OpenClaw Studio · Incident Postmortem
I woke up at dawn on day one, opened Feishu, and saw nothing. Then I opened the local directory — four drafts, four research memos sitting there quietly. The tasks had all run. Not a single notification had told me.
The night before, I had just finished installing OpenClaw Studio's seven-day trial — a LaunchAgent, the macOS background service that runs after boot, waking up every 30 minutes to trigger a few agents on a schedule: Suwan, Huo Rui, Shen Zhixing. My plan was simple: let it run for two days, see how the cadence feels. If it stays stable, I'll push more complicated work onto it.
Turns out, at dawn on day one, it told me stability is a luxury.
What I installed
The trial layer does something pretty simple. A LaunchAgent fires every 30 minutes and wakes up the runner — a Python script that does the actual dispatch. The runner walks the schedule, and when something is due, it triggers the corresponding agent, writes the output to a local directory, then sends me a Feishu message — Feishu being the messaging app I use for system notifications — telling me it's done.
Mornings are the densest stretch. 06:50, Suwan starts drafting the morning brief. 07:30, second task. 08:40, third. 10:30, fourth.
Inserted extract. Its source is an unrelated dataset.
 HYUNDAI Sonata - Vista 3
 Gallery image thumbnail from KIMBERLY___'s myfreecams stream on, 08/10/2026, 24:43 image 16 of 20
Each one has its own owner, its own output file, its own Feishu message it's supposed to send. The whole design is: "I wake up, I open my phone, four messages are lined up in Feishu by time, I tap whichever one I want to read."
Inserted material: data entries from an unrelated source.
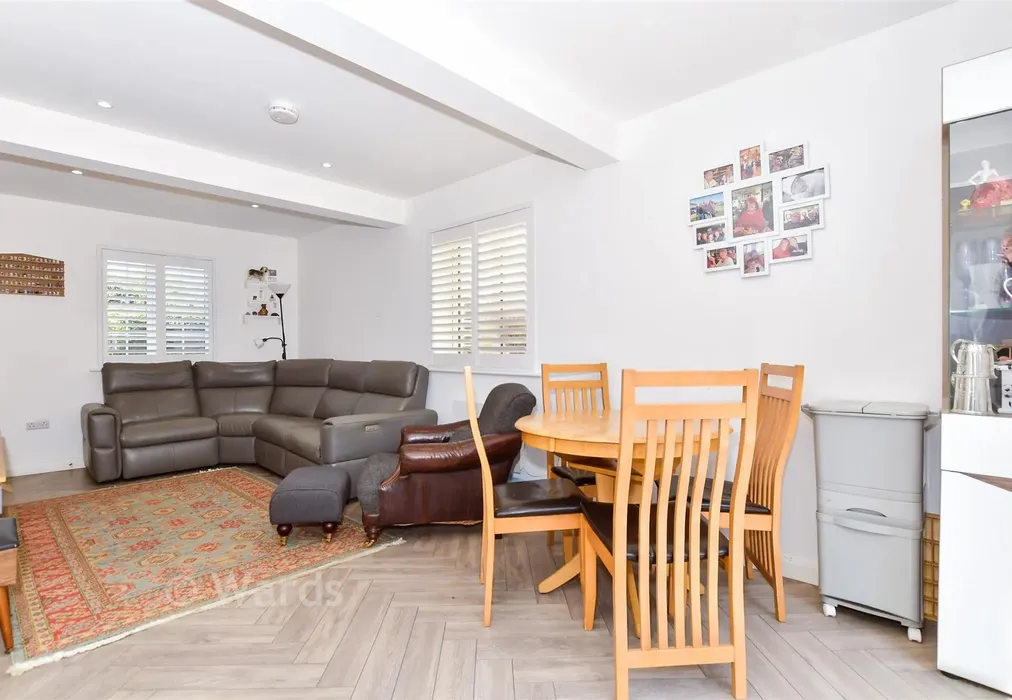 Annexe Lounge/Dining Area - Pheasant Lane, Maidstone, Kent - Wards of Kent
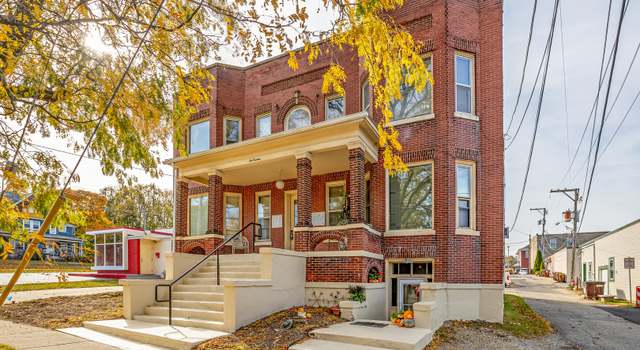 Photo of 216 S Jefferson St, Woodstock, IL 60098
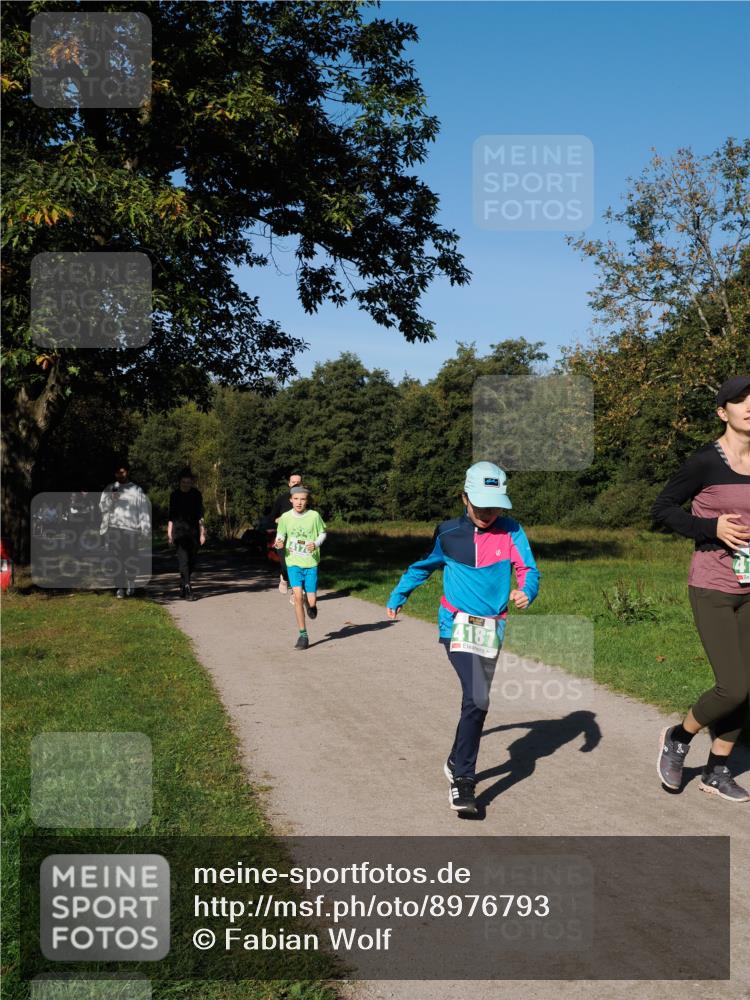 28.09.2025 - 33. Volkslauf durch das schöne Alstertal Fabian Wolf http://msf.ph/oto/8976793 28.09.2025 10:40:52 Laufen 4181 meine-sportfotos.de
That's what the design said. What actually happened on the first morning was nothing like it.
Four "half-hung" tasks at dawn
The 06:50 task did run. Suwan's morning brief got written, the file was in the right place, the timestamp checked out. 07:30 ran. 08:40 ran. 10:30 ran too. Four output files, all with returncode 0 — the exit code from the command.
But Feishu was empty.
At first I thought the Feishu bot was broken — expired token? webhook changed? I dug into the logs and found every single Feishu notification had blown up with the exact same error:
env: node: No such file or directory
Node was missing. I stared at that line for a few seconds. I had literally just run which node in my terminal — /opt/homebrew/bin/node, plain as day. How could the runner get halfway through and then claim node didn't exist when it tried to send a Feishu message?
What made it worse was the shape of the failure — this "half-hung" mode where the business work completes cleanly and the notifications all quietly die. It's not "the system is down," which is at least an honest kind of incident. It's "part of the system is fine, the other part is rotting in silence." The outputs really existed. The drafts really got written. The research memos were really produced. But unless I went and looked at the local directory on my own, I had zero way of knowing any of it was there.
The thing a scheduler should fear most is exactly this: "I thought it didn't run, but actually it did; I thought it ran, but actually it never did." That kind of failure destroys your trust in the system.
Root cause: a LaunchAgent's PATH is not "the same as your terminal"
Debugging this, I first looked at the runner's own environment. The runner is Python, running inside a venv — the Python virtual environment — with a hardcoded interpreter path and all dependencies bundled in. So the runner itself starts fine.
But the runner doesn't call Python directly when it sends a Feishu message. It execs a CLI command called openclaw. That CLI is written in Node, and its shebang — the #!/usr/bin/env node line at the top of a script that tells the OS which interpreter to use — is #!/usr/bin/env node.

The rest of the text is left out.